As an adult, there must be a price to pay for doing something wrong.

After pneumonectomy on one side, the lateral position is particular.

It can be understood in this way that originally the two lungs just filled the lungs in the thoracic cavity. When the lung on the other side is cut away, a space is left.

At this time, the lung on the other side is squeezed in the middle, which will cause the mediastinum to shift.

Don't take it lightly.

When the mediastinal displacement is severe, it will cause the surrounding structures to compress the uninjured bronchi.

If the patient is young, in his 20s or 30s, because the bronchial wall is soft, stenosis and deformation will appear after compression. At this time, dyspnea after airway obstruction will appear.

Experienced doctors often refer to this phenomenon as post-pneumonectomy syndrome.

There is also a particularly interesting phenomenon that this syndrome mostly occurs in right pneumonectomy.

When this happens, it is equivalent to curing one disease for the patient and creating a new one.

At this time, because the patient has difficulty breathing, the ideal solution is to place a stent in the compressed and deformed bronchi.

Regardless of the age of this patient, the bronchial wall is much harder than that of young people. At the same time, the entire left lung was removed, not the right. However, there is still a chance of postoperative syndrome.

Especially acute pulmonary edema will lead to a sharp increase in the volume and weight of the remaining right lung. At this time, if the clinical care is not careful, it will lead to the patient's second disease again.

According to the treatment method given by Zhou Can, after a series of rescue medication, the patient's condition gradually improved.

Everyone breathed a sigh of relief.

At this time, the atmosphere in the intensive care unit became significantly more relaxed.

No matter whether it is a doctor or a nurse, it is a kind of relief and happiness not to have such a terrible patient. Especially on duty at night, nurses are not only afraid that there will be a lot of patients coming to see the doctor, but also afraid that the patients who have already been admitted will have problems.

The bowl of food for doctors and nurses is actually quite unpalatable.

It is hard work, dangerous, and the key is tiring.

"It seems that the decision to invite Dr. Zhou over for a consultation is the right one. He knows the patient's condition best when he performs the operation on the patient. I was always worried that the patient had a pulmonary embolism just now!"

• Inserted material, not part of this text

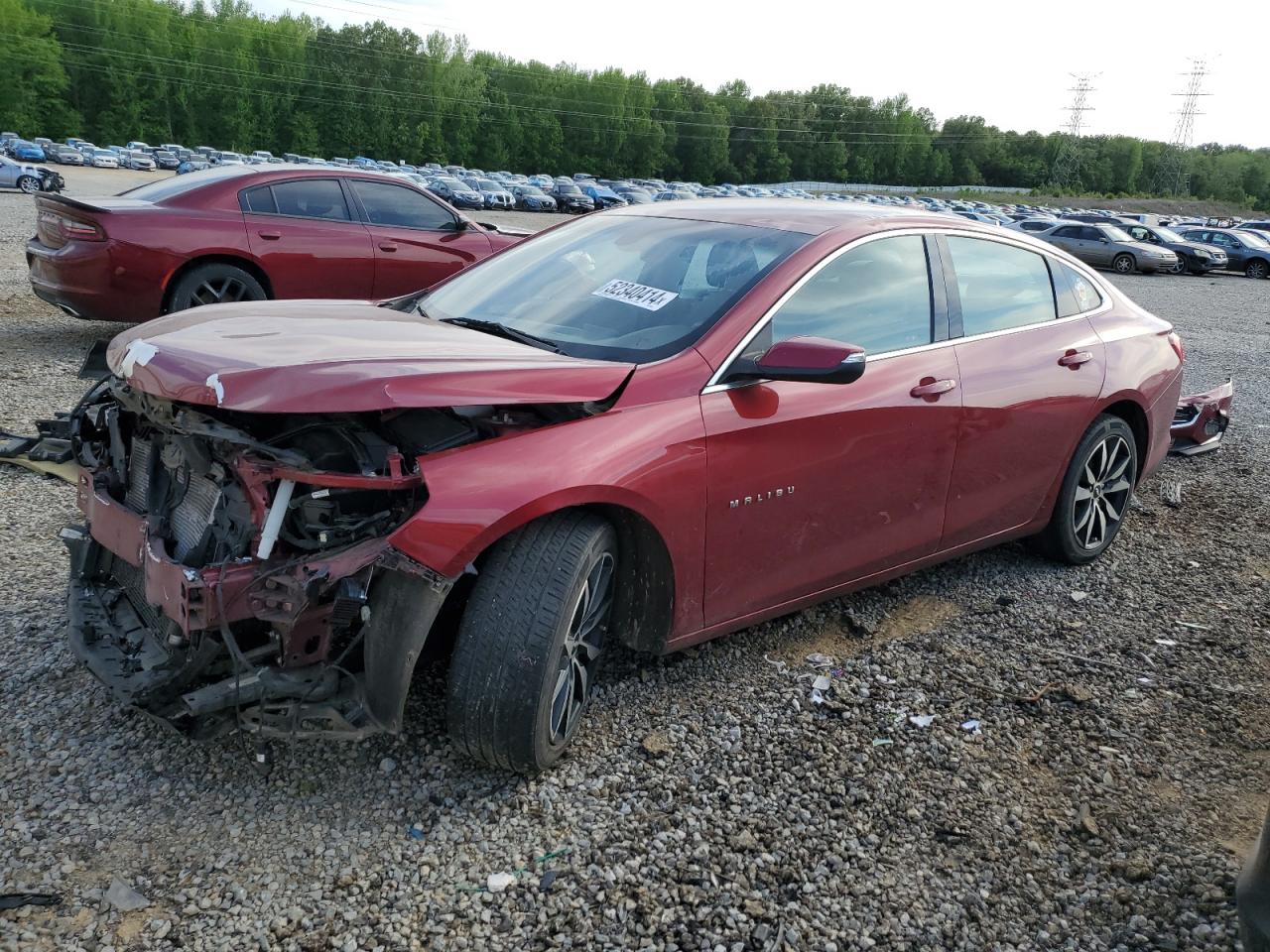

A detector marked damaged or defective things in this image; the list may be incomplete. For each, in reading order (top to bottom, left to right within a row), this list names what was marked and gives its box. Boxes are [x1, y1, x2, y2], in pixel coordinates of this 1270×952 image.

Director He smiled easily.

"Old He, not to mention you, even I am more inclined to pulmonary embolism. If the family members did not agree, I would definitely agree to use ecmo for the patient. Fortunately, it was just a false alarm."

After hearing this, the others all smiled.

Seeing a critically ill and dying patient being brought back, everyone feels a sense of accomplishment and will be very happy.

"Zhou Can, are you still doing the two major surgeries tonight?"

Director Xueyan is more concerned about this matter.

The crisis is over, and there is still a new job waiting for her.

If a department wants to remain strong, it must insist on gnawing hard bones every day.

So far, Zhou Can is still the sharpest scalpel in cardiothoracic surgery, bar none.

In terms of surgical prowess, Zhou Can is indeed well-deserved.

Steady knife, fast knife~www.wuxiax.com~He can use it.

With the fusion of the two, he can also be handy.

Then whether it is maintenance, hemostasis, ligation, dissection... he can do almost everything.

It is almost difficult to find a doctor with such comprehensive surgical skills.

The former director Hu Kan far surpassed Zhou Can in terms of stability. However, in other fields, it is basically at the level of the director, and even some surgical skills are still only at the level of the deputy director until death.

"Do, of course! I'll be on time for my appointment after get off work."

Zhou Can looked high-spirited.

It made everyone smile again.

Now is the critical moment of the secret rivalry with the Third Hospital, and Zhou Can is desperately trying to put pressure there. The more difficult operations he performed and the better his reputation, the greater the pressure on the Third Hospital.